[[ INFORMATION PROVIDED open ]]
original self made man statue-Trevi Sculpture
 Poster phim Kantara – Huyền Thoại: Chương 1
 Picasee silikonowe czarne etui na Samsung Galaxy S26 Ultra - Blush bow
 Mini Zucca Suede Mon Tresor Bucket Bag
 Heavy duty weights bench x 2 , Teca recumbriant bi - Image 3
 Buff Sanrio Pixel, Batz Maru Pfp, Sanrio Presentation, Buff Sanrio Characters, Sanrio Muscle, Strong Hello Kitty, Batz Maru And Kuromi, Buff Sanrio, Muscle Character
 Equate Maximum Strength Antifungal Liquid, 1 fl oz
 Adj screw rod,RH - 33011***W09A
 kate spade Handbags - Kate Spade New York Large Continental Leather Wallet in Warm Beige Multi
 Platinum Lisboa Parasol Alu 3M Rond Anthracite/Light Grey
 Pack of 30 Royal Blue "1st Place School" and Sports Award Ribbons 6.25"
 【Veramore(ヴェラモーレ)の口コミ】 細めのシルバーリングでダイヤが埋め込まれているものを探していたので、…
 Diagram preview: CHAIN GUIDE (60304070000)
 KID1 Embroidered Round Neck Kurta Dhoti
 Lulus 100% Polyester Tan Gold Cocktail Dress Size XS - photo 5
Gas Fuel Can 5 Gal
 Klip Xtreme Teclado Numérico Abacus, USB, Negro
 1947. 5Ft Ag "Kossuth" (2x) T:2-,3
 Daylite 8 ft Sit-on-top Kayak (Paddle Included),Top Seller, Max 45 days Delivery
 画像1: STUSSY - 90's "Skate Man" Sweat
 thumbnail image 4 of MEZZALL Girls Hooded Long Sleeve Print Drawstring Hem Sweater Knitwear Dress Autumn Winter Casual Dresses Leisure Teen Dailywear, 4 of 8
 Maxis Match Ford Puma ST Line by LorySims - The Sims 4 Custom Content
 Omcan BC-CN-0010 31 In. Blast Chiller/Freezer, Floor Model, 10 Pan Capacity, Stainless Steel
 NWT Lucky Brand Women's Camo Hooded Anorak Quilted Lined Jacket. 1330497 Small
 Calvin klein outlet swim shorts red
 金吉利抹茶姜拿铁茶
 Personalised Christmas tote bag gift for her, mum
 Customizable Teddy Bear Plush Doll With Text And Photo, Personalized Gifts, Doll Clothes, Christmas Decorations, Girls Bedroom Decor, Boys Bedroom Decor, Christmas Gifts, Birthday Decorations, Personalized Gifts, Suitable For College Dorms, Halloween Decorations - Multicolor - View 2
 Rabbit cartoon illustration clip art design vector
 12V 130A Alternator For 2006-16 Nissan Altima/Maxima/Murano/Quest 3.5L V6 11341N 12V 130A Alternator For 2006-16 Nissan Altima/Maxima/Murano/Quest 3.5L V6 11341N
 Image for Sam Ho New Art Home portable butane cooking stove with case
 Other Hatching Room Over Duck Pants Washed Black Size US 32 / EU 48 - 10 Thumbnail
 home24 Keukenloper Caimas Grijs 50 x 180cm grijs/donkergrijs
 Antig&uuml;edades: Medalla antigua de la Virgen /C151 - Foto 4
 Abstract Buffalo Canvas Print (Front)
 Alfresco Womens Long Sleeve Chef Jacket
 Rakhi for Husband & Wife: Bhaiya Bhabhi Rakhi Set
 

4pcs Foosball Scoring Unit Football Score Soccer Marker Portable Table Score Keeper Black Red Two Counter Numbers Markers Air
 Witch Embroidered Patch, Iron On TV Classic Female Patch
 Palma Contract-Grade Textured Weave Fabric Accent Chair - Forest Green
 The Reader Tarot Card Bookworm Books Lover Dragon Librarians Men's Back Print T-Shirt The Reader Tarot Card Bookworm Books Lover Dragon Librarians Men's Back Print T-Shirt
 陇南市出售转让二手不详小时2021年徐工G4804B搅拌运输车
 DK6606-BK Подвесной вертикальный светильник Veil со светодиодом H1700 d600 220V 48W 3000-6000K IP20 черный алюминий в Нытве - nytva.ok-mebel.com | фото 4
[[ INFORMATION PROVIDED closed ]]
REQUIRED WORK: In the listing above, the lines from the one containing "Pack of 30 Royal" through the one containing "Image for Sam" must be set down exactly, with no other lines.

THE COMPLETED TASK:
 Pack of 30 Royal Blue "1st Place School" and Sports Award Ribbons 6.25"
 【Veramore(ヴェラモーレ)の口コミ】 細めのシルバーリングでダイヤが埋め込まれているものを探していたので、…
 Diagram preview: CHAIN GUIDE (60304070000)
 KID1 Embroidered Round Neck Kurta Dhoti
 Lulus 100% Polyester Tan Gold Cocktail Dress Size XS - photo 5
Gas Fuel Can 5 Gal
 Klip Xtreme Teclado Numérico Abacus, USB, Negro
 1947. 5Ft Ag "Kossuth" (2x) T:2-,3
 Daylite 8 ft Sit-on-top Kayak (Paddle Included),Top Seller, Max 45 days Delivery
 画像1: STUSSY - 90's "Skate Man" Sweat
 thumbnail image 4 of MEZZALL Girls Hooded Long Sleeve Print Drawstring Hem Sweater Knitwear Dress Autumn Winter Casual Dresses Leisure Teen Dailywear, 4 of 8
 Maxis Match Ford Puma ST Line by LorySims - The Sims 4 Custom Content
 Omcan BC-CN-0010 31 In. Blast Chiller/Freezer, Floor Model, 10 Pan Capacity, Stainless Steel
 NWT Lucky Brand Women's Camo Hooded Anorak Quilted Lined Jacket. 1330497 Small
 Calvin klein outlet swim shorts red
 金吉利抹茶姜拿铁茶
 Personalised Christmas tote bag gift for her, mum
 Customizable Teddy Bear Plush Doll With Text And Photo, Personalized Gifts, Doll Clothes, Christmas Decorations, Girls Bedroom Decor, Boys Bedroom Decor, Christmas Gifts, Birthday Decorations, Personalized Gifts, Suitable For College Dorms, Halloween Decorations - Multicolor - View 2
 Rabbit cartoon illustration clip art design vector
 12V 130A Alternator For 2006-16 Nissan Altima/Maxima/Murano/Quest 3.5L V6 11341N 12V 130A Alternator For 2006-16 Nissan Altima/Maxima/Murano/Quest 3.5L V6 11341N
 Image for Sam Ho New Art Home portable butane cooking stove with case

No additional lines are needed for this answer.